Ottawa: Canada recorded an average daily count of nearly 2,500 COVID-19 cases over the past week, a rise of 11 per cent from a week before, the Public Health Agency of Canada (PHAC) said on Friday.

Over the past week, hospitals treated over 1,800 COVID-19 cases on average each day, with 528 in intensive care units. Up to an average of 22 deaths were reported daily.

On Friday evening, Canada reported 3,164 more cases over the past 24 hours, bringing the national count to 1,745,377 cases, while the country’s death toll reached 29,130, according to the Canadian biggest TV network CTV.

Theresa Tam, Canada’s chief health officer, said at a press conference on Friday that cooler weather and easing restrictions contribute to a rise in COVID-19 infections. “There is a higher risk of local surges in virus activity in the weeks ahead.” Populous provinces like Ontario, Quebec and British Columbia are seeing their COVID-19 curves bend upwards, with British Columbia reporting 992 new cases on Friday, Quebec 716 and Ontario 589.

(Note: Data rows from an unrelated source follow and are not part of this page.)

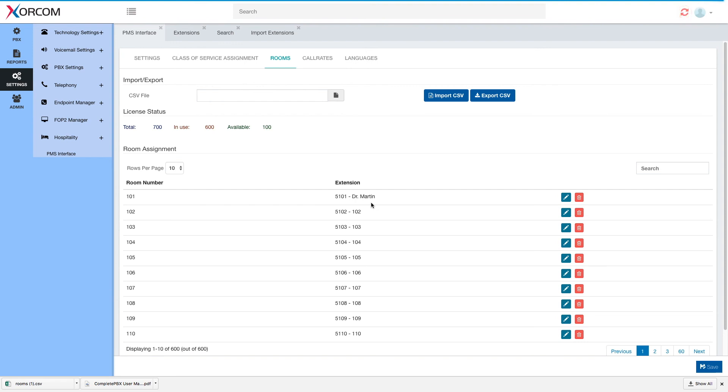That was a short introduction of room assignment in CompletePBX5 hotel PMS interface. Thank you.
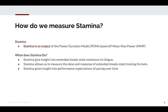How do we measure stamina? Stamina is an output of the power duration model, which is based off your mean maximal power. Stamina gives insight into extended steady-state resistance to fatigue. For athletes participating in longer events — whether that's Ironman, Marathon, Ultras, Mountain Bike Marathon, or things like that — knowing your stamina data and how long you can sustain will give you excellent insight into your resistance to fatigue.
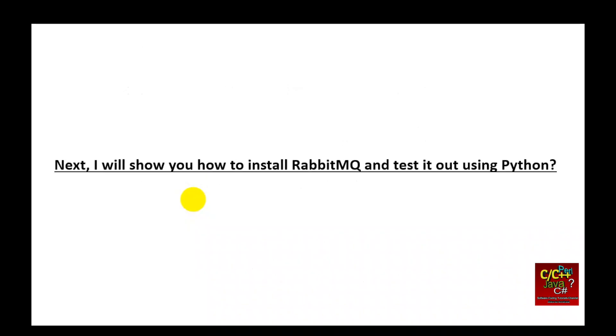Next, I will show you how to install RapidMQ and test it out using Python and the Pyka library.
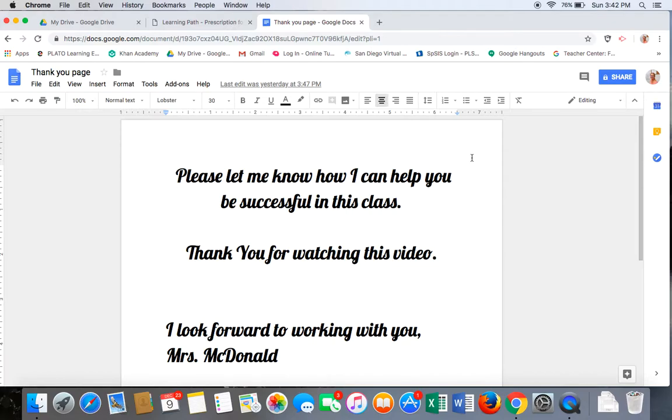Please let me know how I can help you be successful in this class. Thank you for watching this video. I look forward to working with you, Mrs. McDonald.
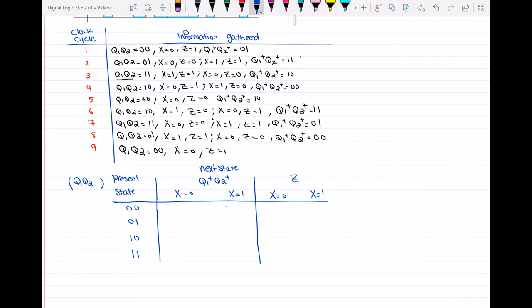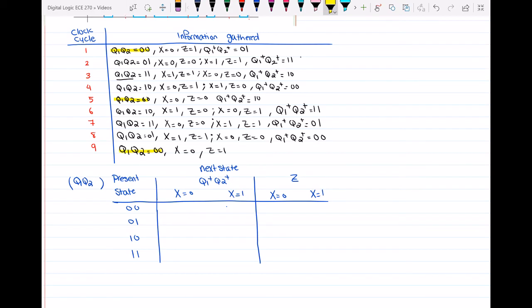Whenever we have q1, q2 equal to 0,0 — that's this case, this case, and this case. During this transition into the transition table from the information gathered up there, you may see some states are repeating, and that's okay. So the first one: when q1, q2 is equal to 0,0, we know that when x is equal to 0, z is equal to 1, and q1+ and q2+ for x=0 is 0,1. Now I have to look at other q1,q2=0,0 entries. In clock cycle number 5, q1,q2 is 0,0, so it is related to this row of my table.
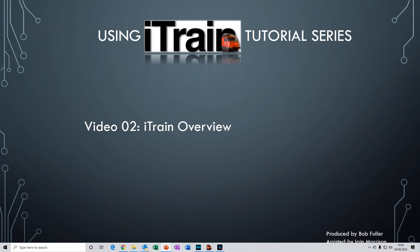In the previous video, we went through the installation of the software and opened the demo layout. In this video, I'm going to give you a quick 15-minute tour of the iTrain software.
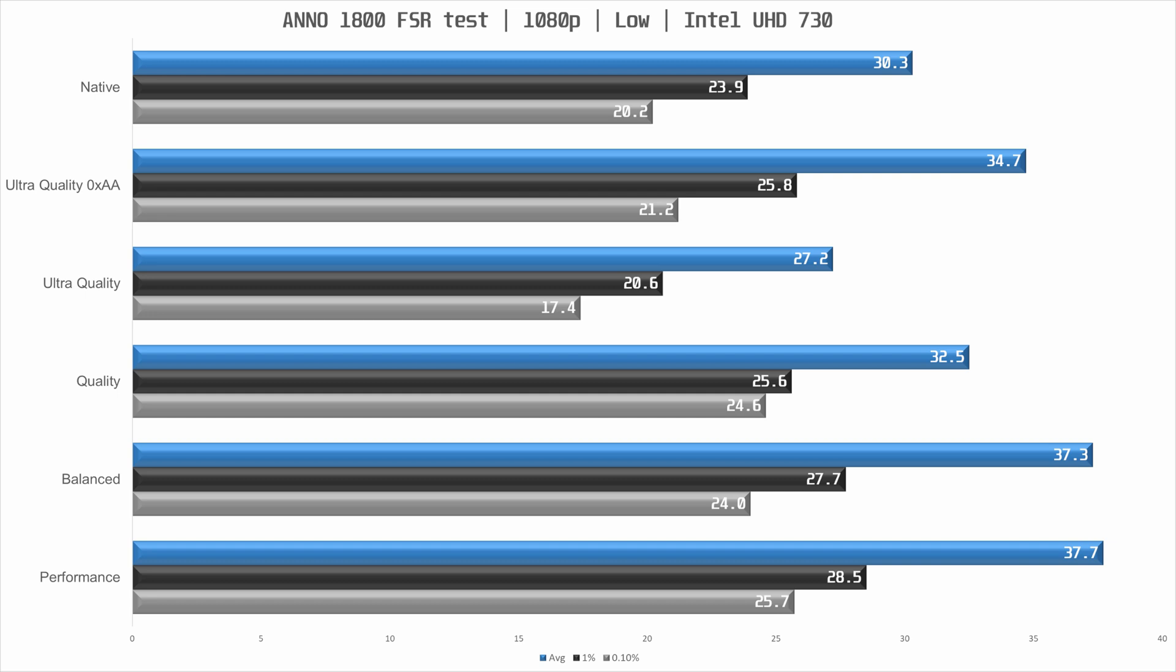Not off to a great start but disabling AA and we see a performance increase of close to 15% with ultra quality enabled.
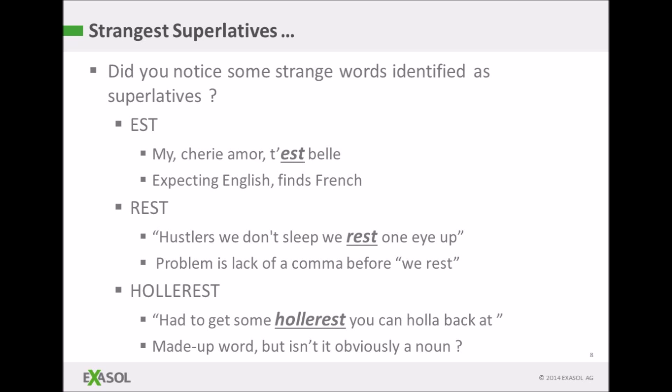Yes, some strange words were defined as superlatives. 'Est' is actually coming from a little piece of French — the UDF is defined expecting to find English, and when it finds French you get some strange results. With the sentence 'hustlers we don't sleep, we rest one eye up', the absence of a comma between 'sleep' and 'we' has confused it. If you put the comma in there, then 'rest' is correctly found to be a verb. This is an indication that this kind of analysis is so sensitive that the lack or presence of a comma can make such a difference.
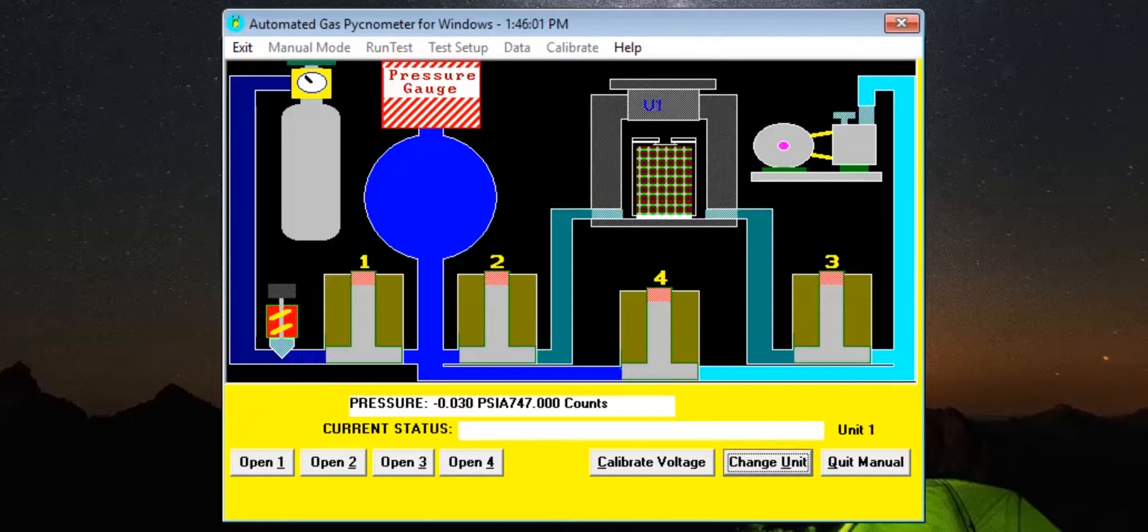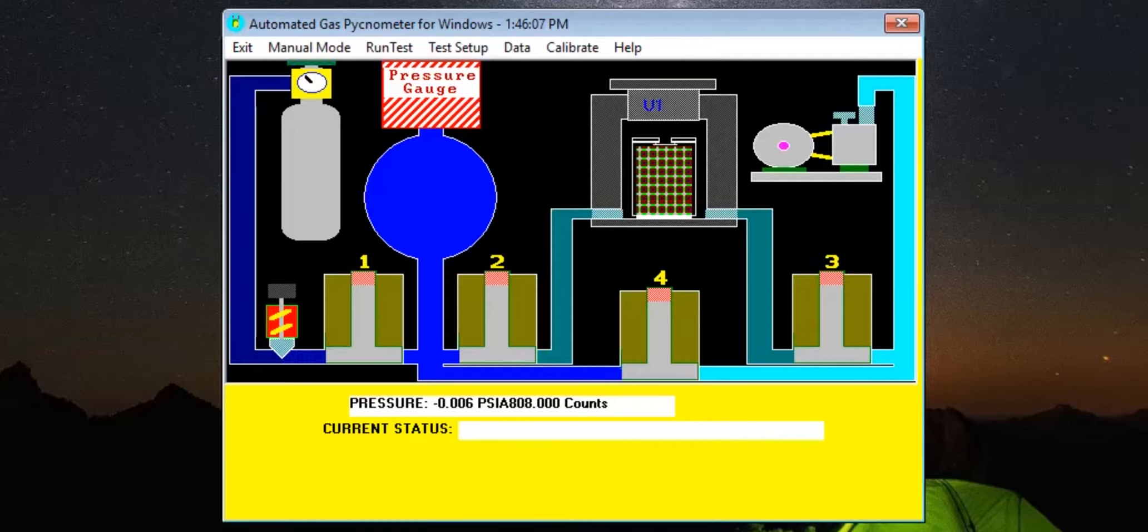When it is clear that all components are responding properly, the next step will be to calibrate the PYCG100A. This will ensure the accuracy of measurements taken from samples under test, and will only need to be performed upon first use of the machine or if it is suspected that measurements are inaccurate.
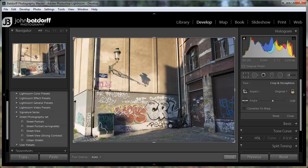The location of the radial filter is right here — it's in the middle of the graduated filter and the adjustment brush. You can click on it to activate it, or hit Shift+M.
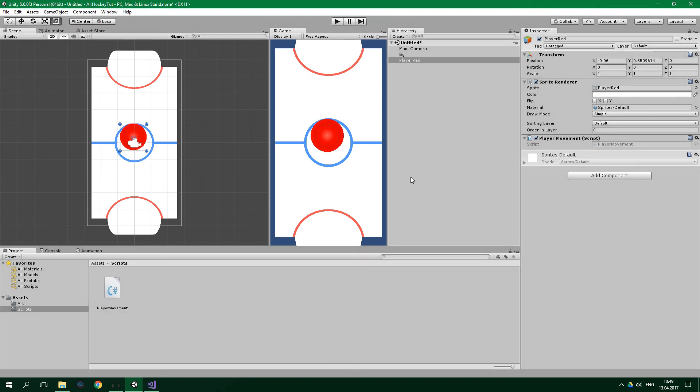So that's it for the first part of this series. In the next part, we are going to add the puck and also physics. Stay tuned for that because it's going to be pretty awesome. I hope that you've learned something new from this tutorial. If you did, give this video a like and also share it. If you have any suggestions, questions, or you just want to say hi, please leave a comment. Subscribe to this channel and also hit the bell button to get notified about my new videos. Follow me on social media. Keep learning, keep creating, and see you in the next video.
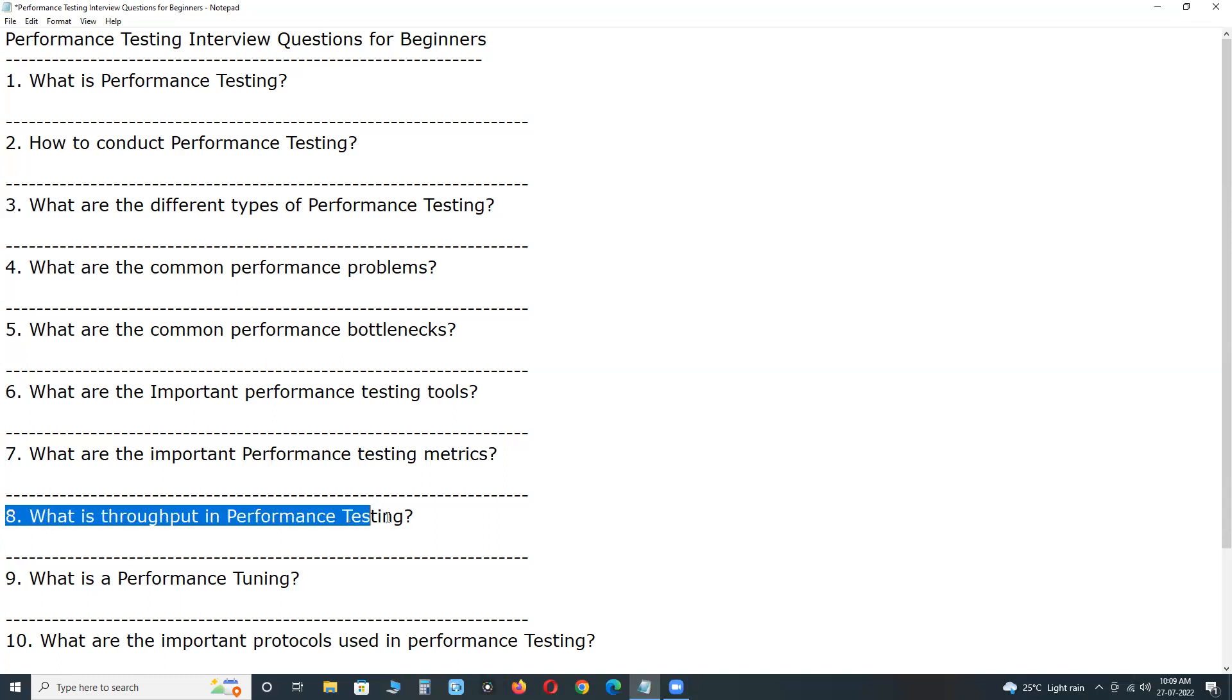Next, eighth question in this video. What is throughput in performance testing? Throughput is referred to the amount of data transported to the server in response to the client request at a given period of time. It is calculated in terms of requests per second,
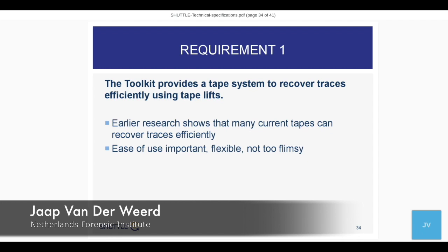With tapes it will be important that they are flexible — we can use them to recover traces from many things: garments, knives, tabletops, bus seats, curved surfaces. They should not be too flimsy, because people in forensic labs always wear gloves when working with traces, so we should be able to recover things while wearing gloves.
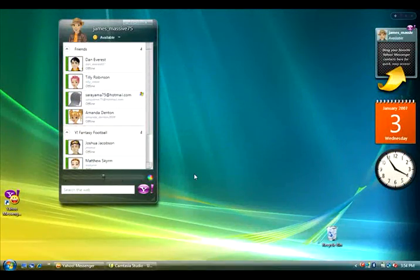Hi, I'm Josh Jacobson, Product Manager at Yahoo!, and today I'm going to show you Yahoo! Messenger for Windows Vista.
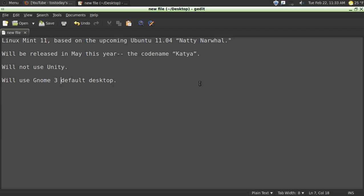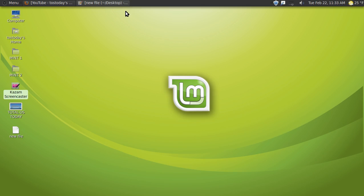Well, so far Linux Mint for me has been pure dynamite. Great work Linux Mint. Keep it up and I'll catch you guys next time.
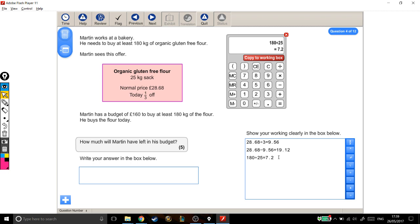So I'm just going to put in my working out, so he needs to buy 8. And I really don't think there's any harm in writing down those sort of notes in your working out. Okay, so he needs to buy 8 bags of flour, and each one is going to cost him this much money that we worked out just now.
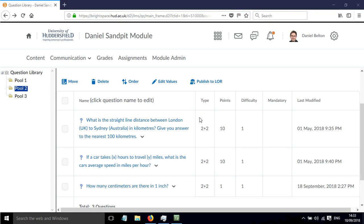In this screencast, I'll show you how to change the precision of a numerical answer for an arithmetic question in Brightspace.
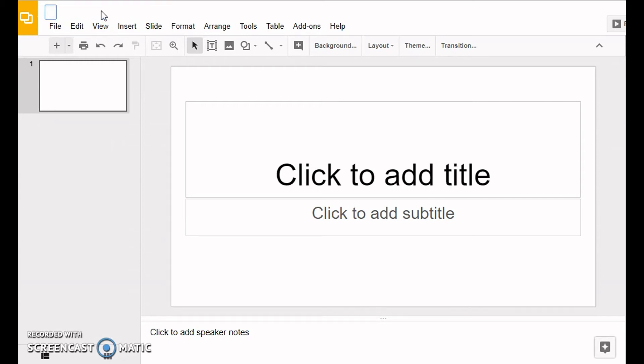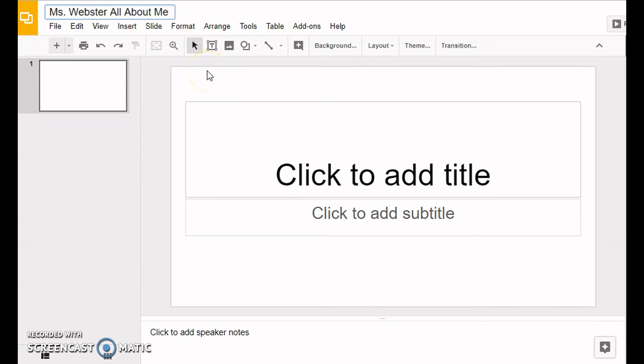For this project, I need you to name it your name to start with. Please put your name—don't put my name—then 'All About Me'.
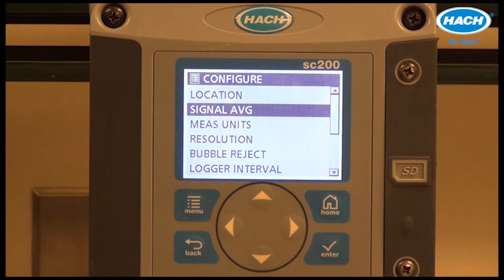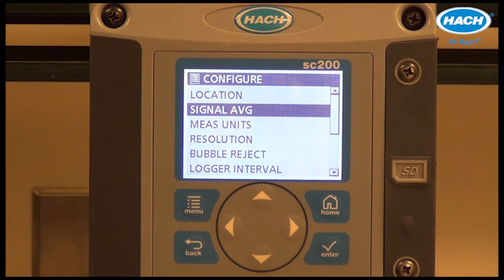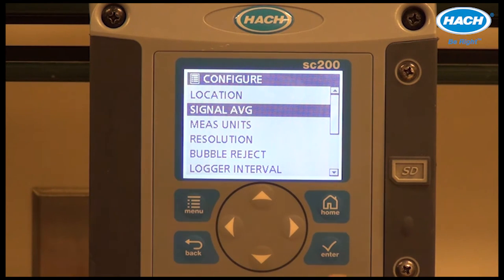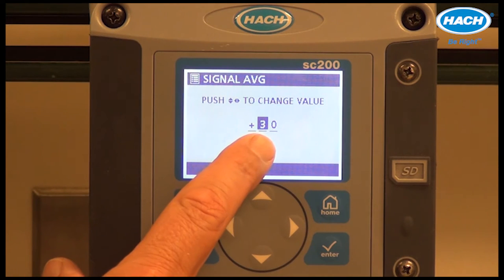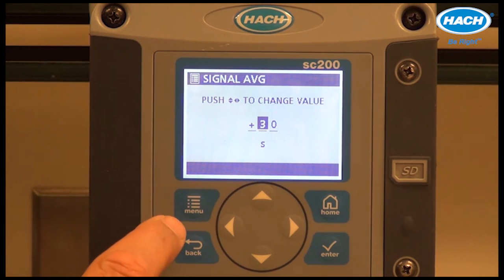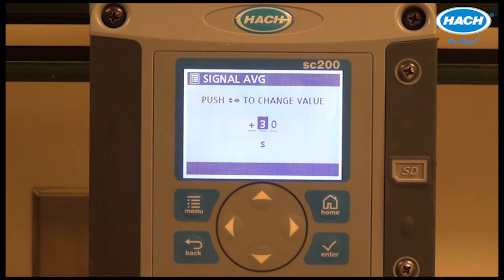Signal average is a feature that mathematically averages readings from the TU5400 or TU5300. The signal averaging default is 30 seconds and can be set anywhere from 5 to 90 seconds.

Tam said the demographic with the highest number of new infections continue to be children under 12, who are not yet eligible for vaccination. They represent more than 20 per cent of daily cases in Canada.

“With a highly-contagious Delta variant continuing to predominate, the risk for surges in disease activity is likely to increase with more time spent indoors, particularly where there are pockets of low vaccine coverage,” she said.

Signs of waning vaccine protection may also contribute to an increase in risk for more severe illness, making continued proper masking an important measure, Tam added.

More than 28 million people, or 85 per cent of the eligible population aged 12 years or older in the country, are fully vaccinated with COVID-19 vaccines, according to official data.

However, with some having received the vaccine more than half a year ago, Canada is now rolling out booster shots for eligible, vulnerable groups including long-term care residents.

Tam said that sizable gaps in vaccinations remained, however, with more than 5 million Canadians who are eligible still unvaccinated and more than 4.3 million children waiting for the vaccines to be approved.

A decision on whether to authorize the Pfizer-BioNTech vaccine for children aged 5-11 is expected within “the next one to two weeks”, said Supriya Sharma, Canada’s chief medical adviser, at a press conference.